■ Dataset excerpt
Start of Block

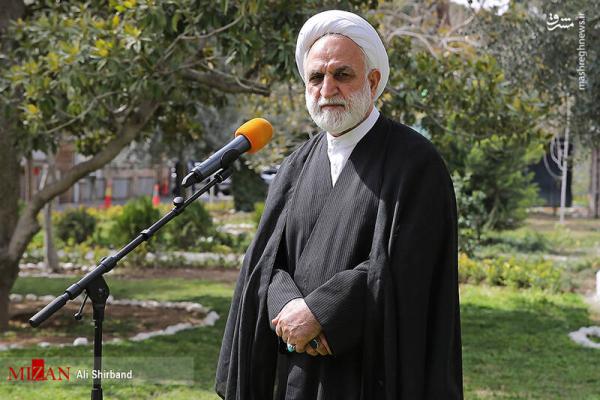 تصاویر| کاشت نهال توسط غلامحسین محسنی اژه‌ای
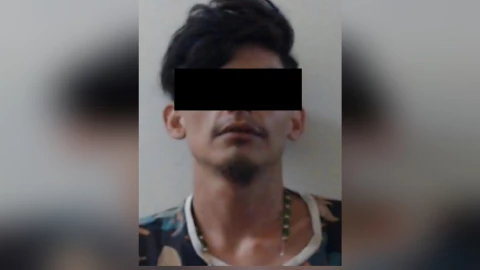 Jonathan Roberto fue detenido por violencia doméstica contra su madre y abuela en Sonora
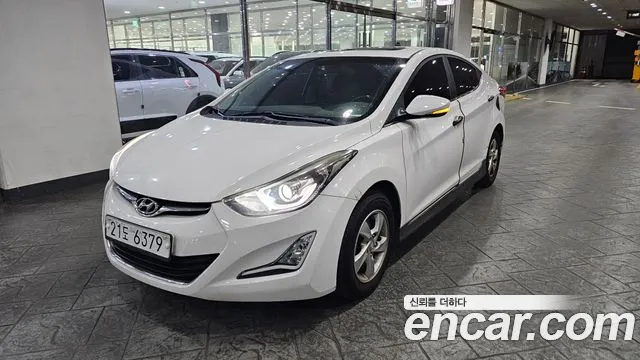 Hyundai Avante — фото 1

End of Block

■ What is needed
Pictures are to be left out; repeat all the remaining data exactly.

■ Answer to this task
 تصاویر| کاشت نهال توسط غلامحسین محسنی اژه‌ای
 Jonathan Roberto fue detenido por violencia doméstica contra su madre y abuela en Sonora
 Hyundai Avante — фото 1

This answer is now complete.